The Wage Gap: A History of Pay Inequity
by Borgna Brunner

The wage gap is a statistic used to compare the status of women's earnings relative to men's. It is also used to compare the earnings of other races and ethnicities to those of white males, a group generally not subject to race- or sex-based discrimination. The wage gap is expressed as a percentage (e.g., in 2004, women earned 77% as much as men) and is calculated by dividing the median annual earnings for women by the median annual earnings for men.

Rosie the Riveter: Patriotic and Underpaid
Because of the large number of American women taking jobs in the war industries during World War II, the National War Labor Board urged employers in 1942 to voluntarily make "adjustments which equalize wage or salary rates paid to females with the rates paid to males for comparable quality and quantity of work on the same or similar operations."

Not only did employers fail to heed this "voluntary" request, but at the war's end most women were pushed out of their new jobs to make room for returning veterans.

Help wanted—Separate and Unequal

Until the early 1960s, newspapers published separate job listings for men and women. Jobs were categorized according to sex, with the higher level jobs listed almost exclusively under "Help Wanted—Male." In some cases the ads ran identical jobs under male and female listings—but with separate pay scales. Separate, of course, meant unequal: between 1950 and 1960, women with full time jobs earned on average between 59–64 cents for every dollar their male counterparts earned in the same job.

It wasn't until the passage of the Equal Pay Act on June 10, 1963 that it became illegal to pay women lower rates for the same job strictly on the basis of their sex. Demonstrable differences in seniority, merit, the quality or quantity of work, or other considerations might merit different pay, but gender could no longer be viewed as a drawback on one's resumé.
The act was gradually expanded over the next decade to include a larger segment of the workforce, and between June 1964 and Jan. 1971 back wages totaling more than $26 million were paid to 71,000 women.

Lingering Inequality

The workplace has changed radically in the decades since the passage of the Equal Pay Act.
But what has not changed radically, however, is women's pay. The wage gap has narrowed, but it is still significant. Women earned 59% of the wages men earned in 1963; in 2002 they
earned 76% of men's wages—an improvement of less than half a penny a year. Even worse, African-American women earn just 68 cents to every dollar earned by white men, and for Hispanic women that figure drops to merely 57 cents per dollar.
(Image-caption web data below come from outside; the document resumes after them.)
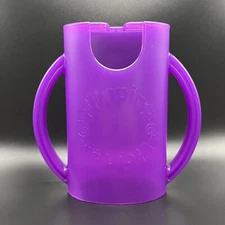 Genuine Flipping Holder 2-in-1 Food / Juice Pouch Holder BPA Free - Purple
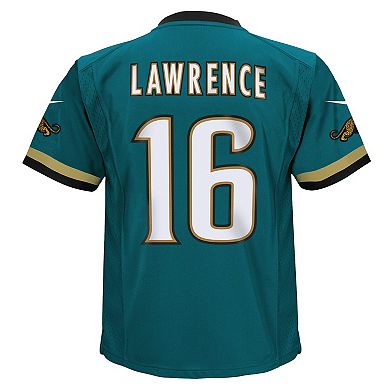 Toddler Nike Trevor Lawrence Teal Jacksonville Jaguars Prowler Throwback Player Game Jersey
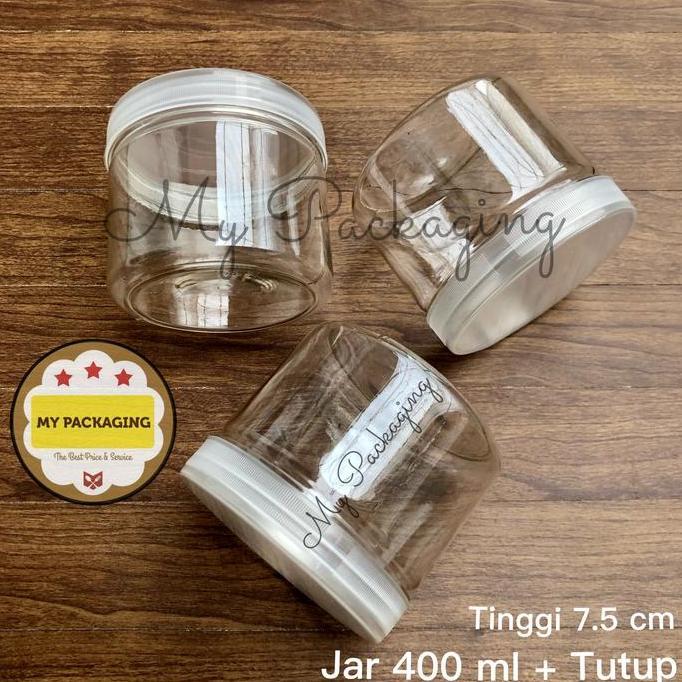 Toples Tabung Silinder 400ml | Jar Plastik 400 ml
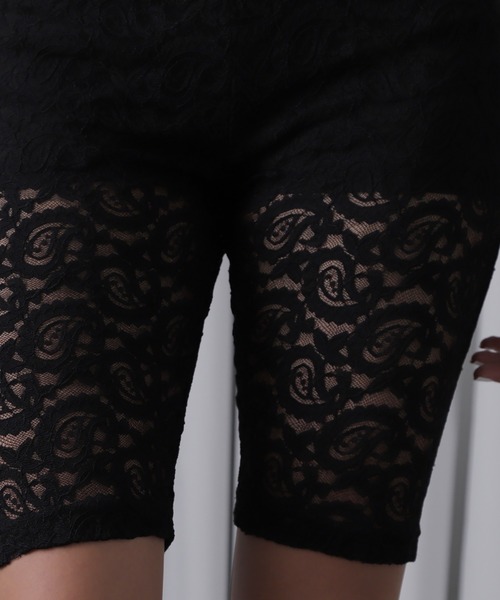 ROSE BUD(ローズバッド)の「レースレギンス(レギンス/スパッツ・レディース・ブラック/ホワイト・ONE SIZE)」の12枚目の写真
The wage gap between women and men cuts across a wide spectrum of occupations. In 2004 female physicians and surgeons earned 52.2% of male physicians’ weekly wages, and women in sales occupations earned just 62.1% of men's wages in equivalent positions.
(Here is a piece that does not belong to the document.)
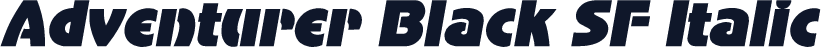 Adventurer Black SF Italic
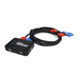 2 Ports USB HDMI KVM Switch Switcher with Cable for Monitor, Keyboard, Mouse, HDMI Switch, Support U Disk Read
If working women earned the same as men (those who work the same number of hours; have the same education, age, and union status; and live in the same region of the country), their annual family incomes would rise by $4,000 and poverty rates would be cut in half. Why is there still such a disparity?

Why Such a Wide Wage Gap After Nearly Four Decades?

A variety of explanations for the persistent wage gap have been offered. One is that older women are factored into the wage gap equation, and many of these women from an older generation work in jobs still subject to the attitudes and conditions of the past. In contrast, the rates for young women coming of age in the 1990s reflect women's social and legal advances. In 1997, for example, women under 25 working full-time earned 92.1% of men's salaries compared to older women (25–54), who earned 74.4% of what men made.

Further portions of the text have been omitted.